En 1996, cuando Sthepanie Salas salió en la portada de Playboy, volví a intentarlo. Estuve haciéndome güey diez minutos con un Capulinita en las manos hasta que me armé de valor y le dije a la doña que quería un ejemplar. Y contrario a lo que esperaba, me la vendió. Cuántos años tienes, me preguntó. Le respondí que dieciocho. Metió la Playboy en una revista de crucigramas y me la entregó. Me hizo una sola afición. No le cuentes a tu mamá que yo te la vendí. No esperé a llegar a casa. Me detuve en un callejón a hojear la revista. Recuerdo la fascinación y la repulsión que me ocasionaron al mismo tiempo los sobacos peludos de la entonces novia de Luis Miguel.

A partir de entonces me hice fanático de Playboy. Y la he comprado a lo largo de toda mi vida. Me he desecho de la mayoría pero conservo algunas y no pienso separarme de ellas hasta que muera. En especial atesoro con fervor la edición que muestra en portada a las protagonistas de Las chicas de la Mansión Playboy.

Tras la muerte de MTV la televisión por cable perdió sentido para mí. Hasta la irrupción del reality show de Hef. Entonces me colgué de manera ilegal para poder ver el programa. Estaba enamoradísimo de Kendra Wilson, una de las novias de Hugh. Un día me desperté con la mala noticia de que habían ideado unos candados para evitar que te robaras la señal. Y no me quedó más remedio que pagarlo. No podía perderme las aventuras de la mansión. Estaba enganchado a la serie.

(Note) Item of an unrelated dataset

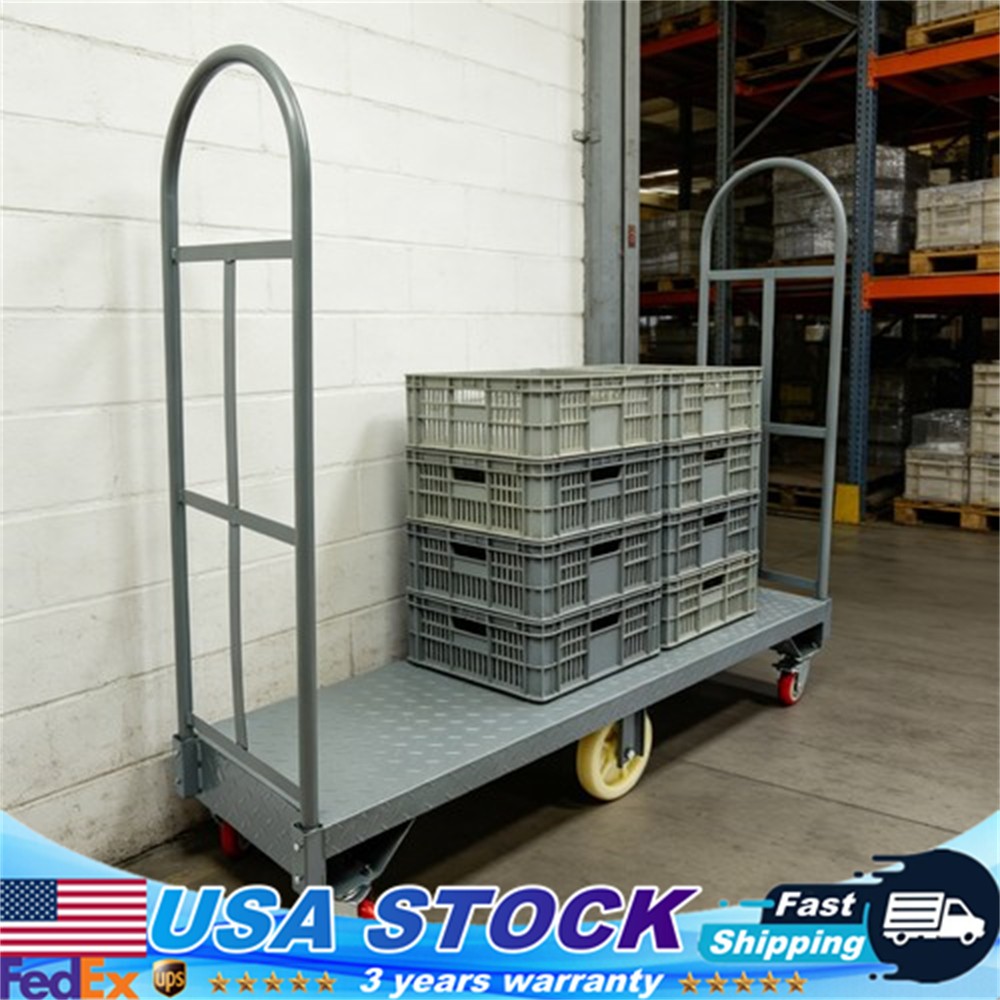 Q235 Steel U-boat Platform Dolly Warehouse Shipping Manual Cart Load 2000lb Grey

En muchas pláticas de admiradores de la revista siempre surge la pregunta de quién fue la mejor playmate de todos los tiempos. Una respuesta obvia es Marilyn Monroe. Por lo que significó que la novia de Estados Unidos apareciera desnuda en esa revista. Pero para mí la playmate estelar fue y será siempre Pamela Anderson.

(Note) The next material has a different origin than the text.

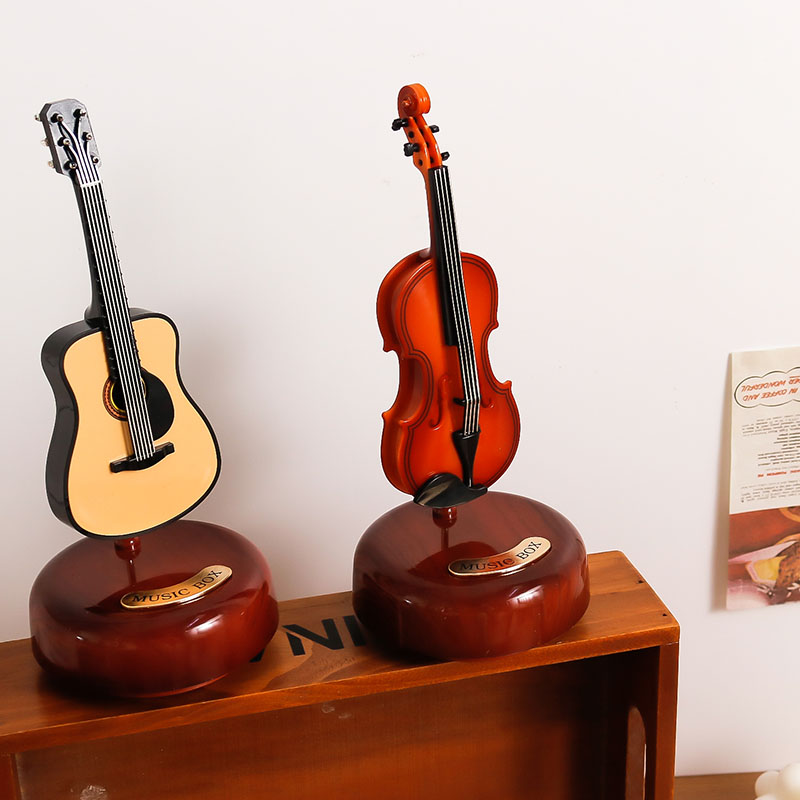 文艺古典旋转琵琶八音琴摆件复古礼品吉他小提琴音乐盒生日礼物女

La última Playboy que adquirí es el especial de colección que Playboy México sacó del Big Boss a propósito de su muerte en noviembre de 2017. Nunca dejaré de estar agradecido con Playboy y con Hef por haber luchado por la libertad de expresión y por nuestra calentura. Sin ellas mi adolescencia no hubiera sido la misma.

Cuando al fin entré a la preparatoria el Moronga dejó de frecuentar el barrio. Nunca lo he vuelto a ver. Le mando un abrazo, hasta donde sea que se encuentre.